__What you should do__:
Nothing beyond the line containing "Ein Topf mit" is to be printed; print exactly each line from the start of the records below through that line, leaving out pictures.

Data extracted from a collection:
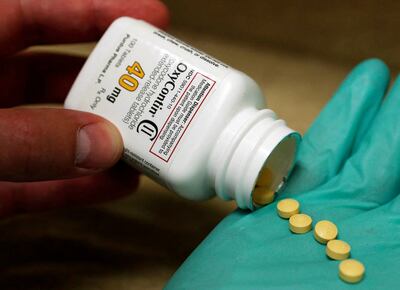 A pharmacist holds prescription painkiller OxyContin, one of the drivers of the opioid crisis. Reuters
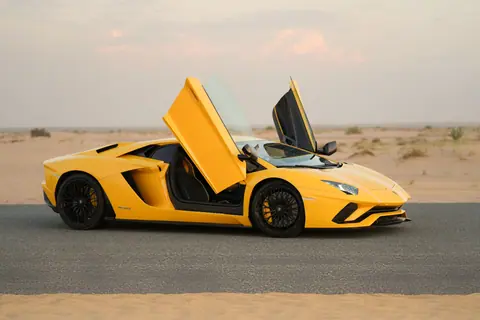 Striking yellow Lamborghini Aventador parked on a desert road with open doors, showcasing luxury in Dubai.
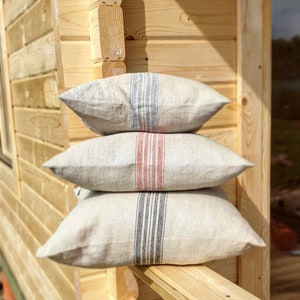 May include: Three linen pillows stacked on top of each other. The top pillow has blue and white stripes, the middle pillow has red and white stripes, and the bottom pillow has black and white stripes.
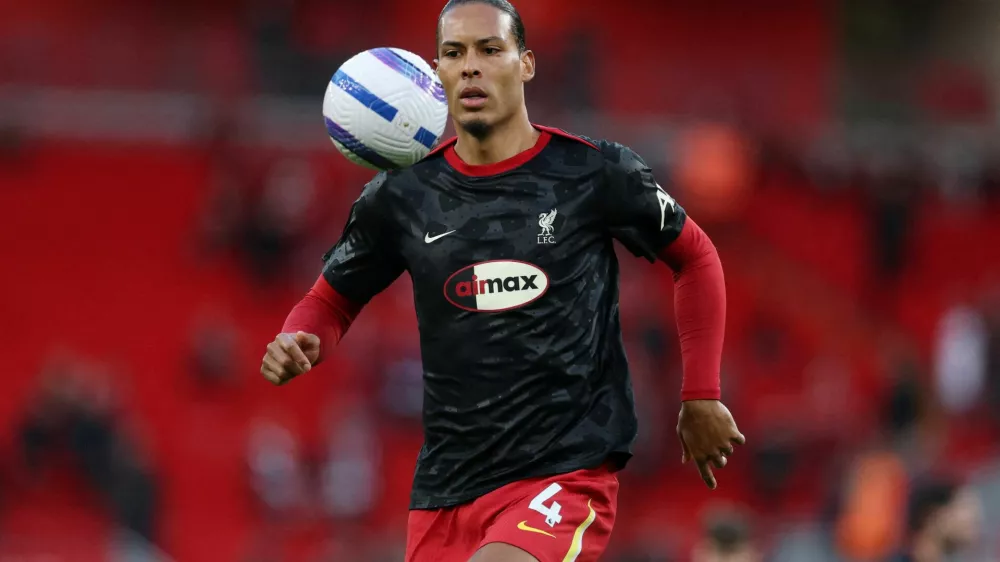 FILE PHOTO: Soccer Football - Premier League - Liverpool v Everton - Anfield, Liverpool, Britain - April 2, 2025 Liverpool's Virgil van Dijk during the warm up before the match REUTERS/Phil Noble EDITORIAL USE ONLY. NO USE WITH UNAUTHORIZED AUDIO, VIDEO, DATA, FIXTURE LISTS, CLUB/LEAGUE LOGOS OR 'LIVE' SERVICES. ONLINE IN-MATCH USE LIMITED TO 120 IMAGES, NO VIDEO EMULATION. NO USE IN BETTING, GAMES OR SINGLE CLUB/LEAGUE/PLAYER PUBLICATIONS. PLEASE CONTACT YOUR ACCOUNT REPRESENTATIVE FOR FURTHER DETAILS../File Photo
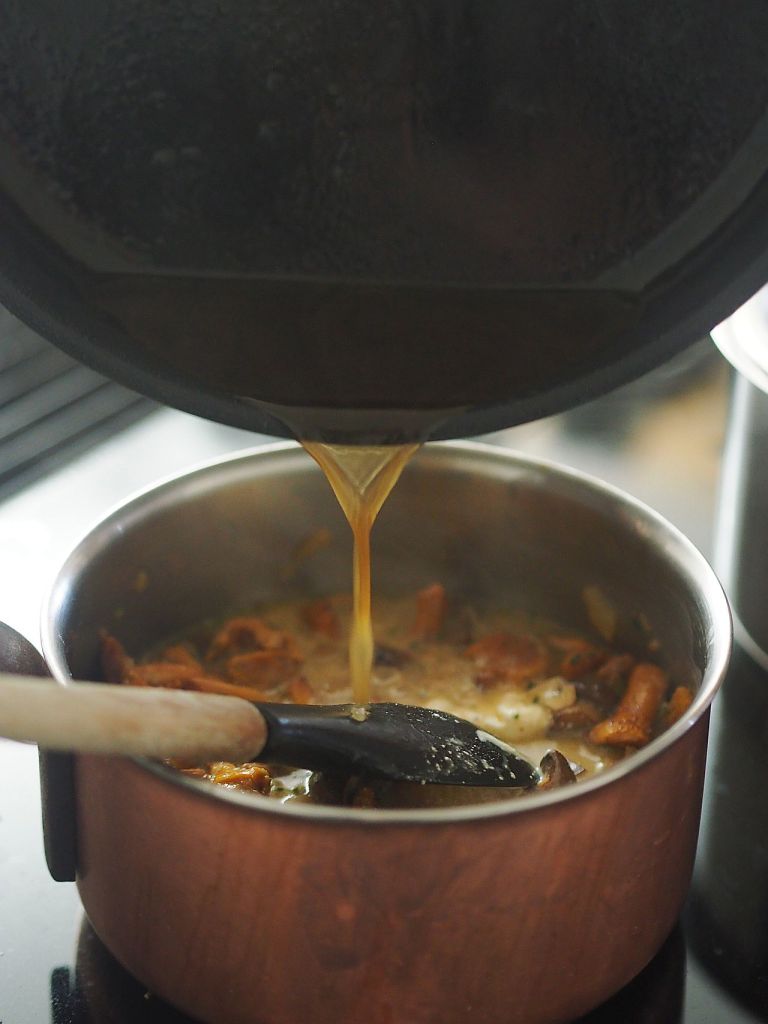 Ein Topf mit einer goldenen Brühe, die aus einem anderen Gefäß gegossen wird, während ein Holzlöffel im Topf liegt.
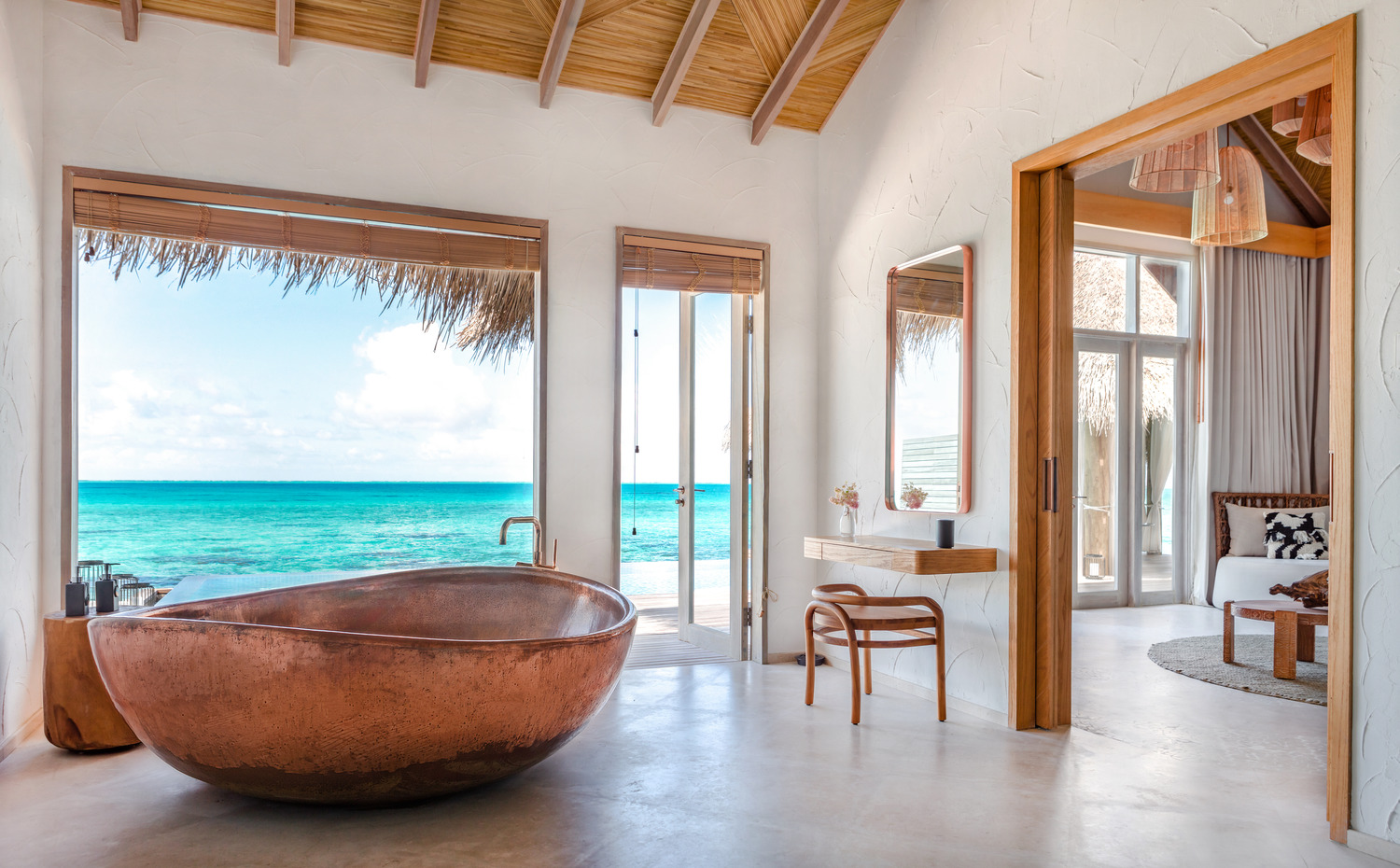 A copper bath in a Maldivian style bathroom of an overwater bungalow style hotel room.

__Worked solution__:
 A pharmacist holds prescription painkiller OxyContin, one of the drivers of the opioid crisis. Reuters
 Striking yellow Lamborghini Aventador parked on a desert road with open doors, showcasing luxury in Dubai.
 May include: Three linen pillows stacked on top of each other. The top pillow has blue and white stripes, the middle pillow has red and white stripes, and the bottom pillow has black and white stripes.
 FILE PHOTO: Soccer Football - Premier League - Liverpool v Everton - Anfield, Liverpool, Britain - April 2, 2025 Liverpool's Virgil van Dijk during the warm up before the match REUTERS/Phil Noble EDITORIAL USE ONLY. NO USE WITH UNAUTHORIZED AUDIO, VIDEO, DATA, FIXTURE LISTS, CLUB/LEAGUE LOGOS OR 'LIVE' SERVICES. ONLINE IN-MATCH USE LIMITED TO 120 IMAGES, NO VIDEO EMULATION. NO USE IN BETTING, GAMES OR SINGLE CLUB/LEAGUE/PLAYER PUBLICATIONS. PLEASE CONTACT YOUR ACCOUNT REPRESENTATIVE FOR FURTHER DETAILS../File Photo
 Ein Topf mit einer goldenen Brühe, die aus einem anderen Gefäß gegossen wird, während ein Holzlöffel im Topf liegt.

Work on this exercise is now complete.